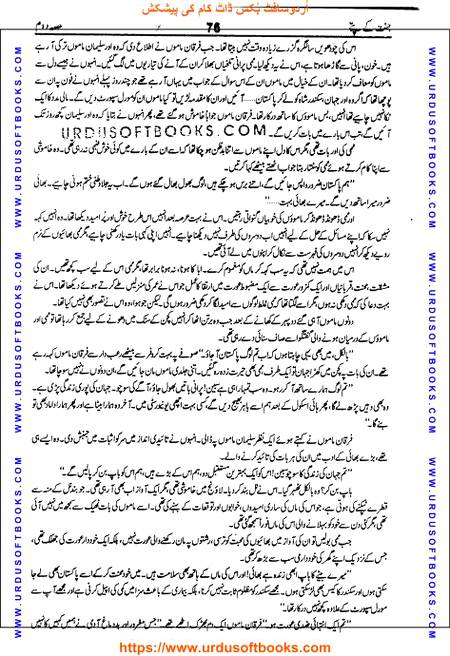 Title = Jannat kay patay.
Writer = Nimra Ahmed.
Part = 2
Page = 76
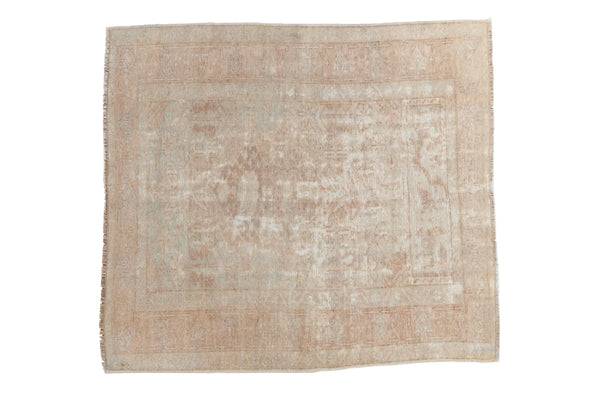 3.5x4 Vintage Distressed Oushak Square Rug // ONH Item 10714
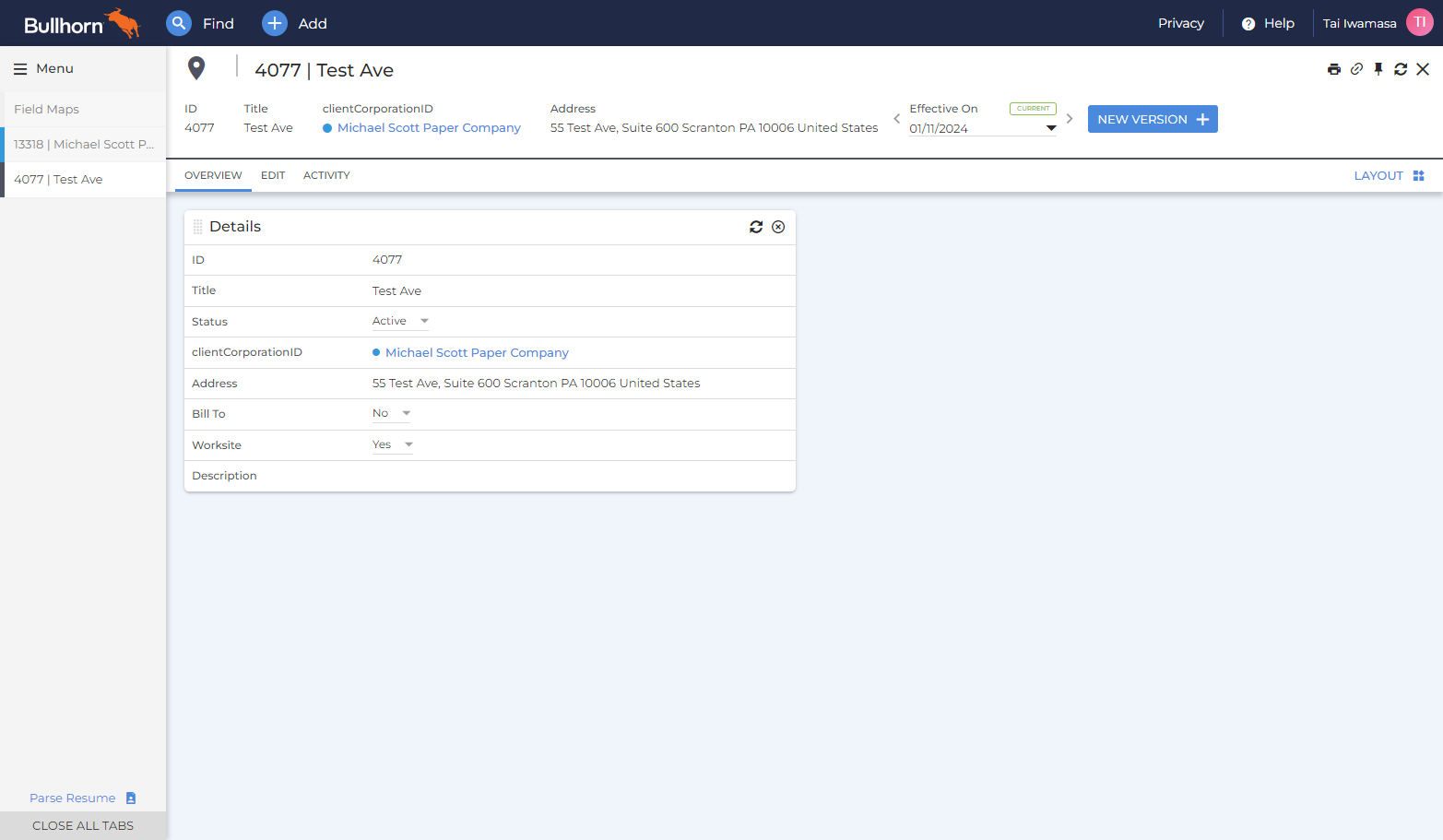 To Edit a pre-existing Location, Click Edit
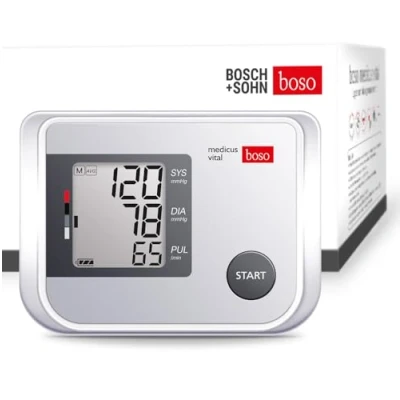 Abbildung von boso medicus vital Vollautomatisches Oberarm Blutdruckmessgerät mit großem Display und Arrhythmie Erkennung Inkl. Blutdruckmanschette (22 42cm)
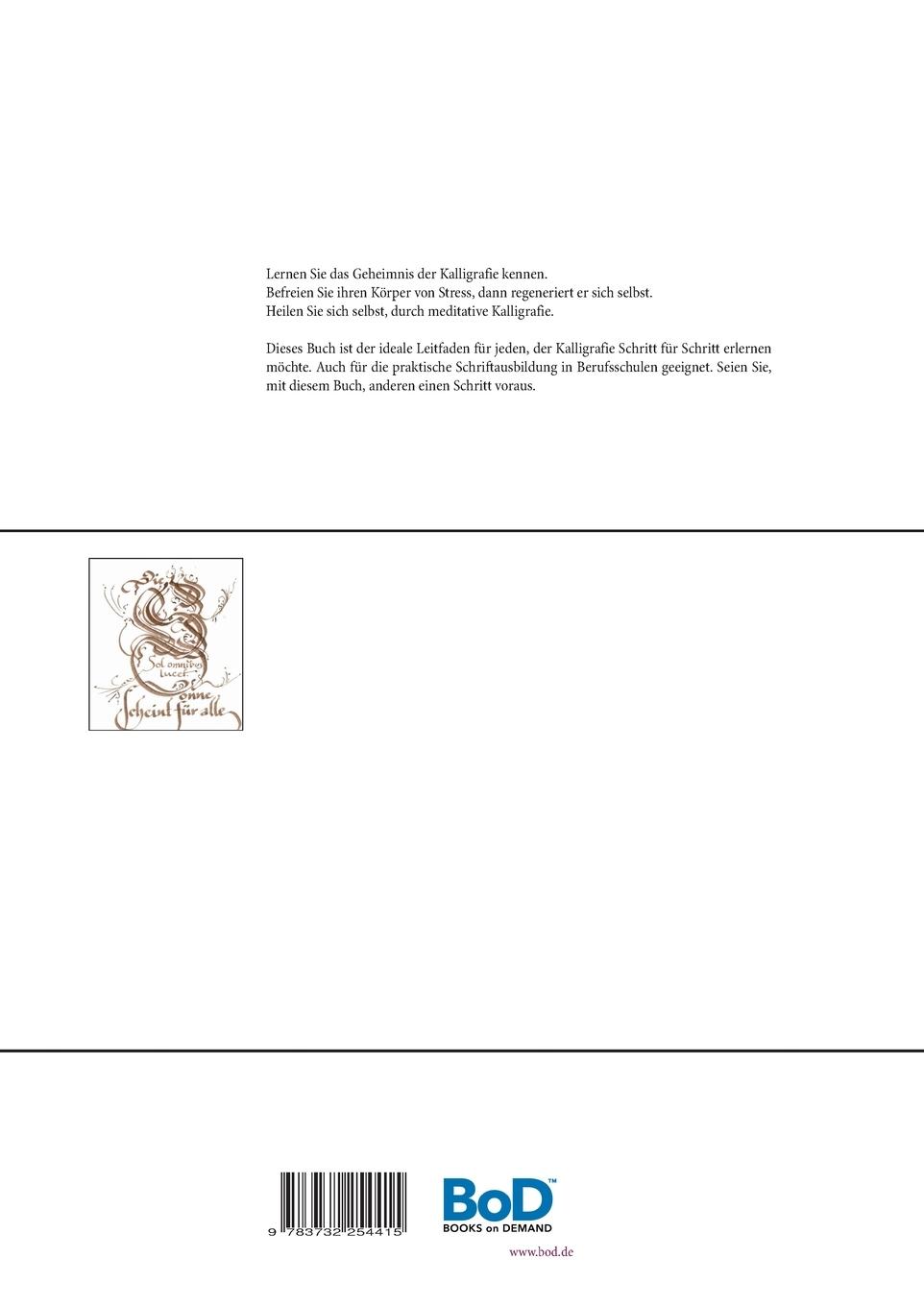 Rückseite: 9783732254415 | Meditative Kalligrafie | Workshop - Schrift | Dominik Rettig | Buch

——————

> [What to produce]: Only the text of the listing above is wanted, transcribed exactly, without its images.

> [Response]:
 Title = Jannat kay patay.
Writer = Nimra Ahmed.
Part = 2
Page = 76
 3.5x4 Vintage Distressed Oushak Square Rug // ONH Item 10714
 To Edit a pre-existing Location, Click Edit
 Abbildung von boso medicus vital Vollautomatisches Oberarm Blutdruckmessgerät mit großem Display und Arrhythmie Erkennung Inkl. Blutdruckmanschette (22 42cm)
 Rückseite: 9783732254415 | Meditative Kalligrafie | Workshop - Schrift | Dominik Rettig | Buch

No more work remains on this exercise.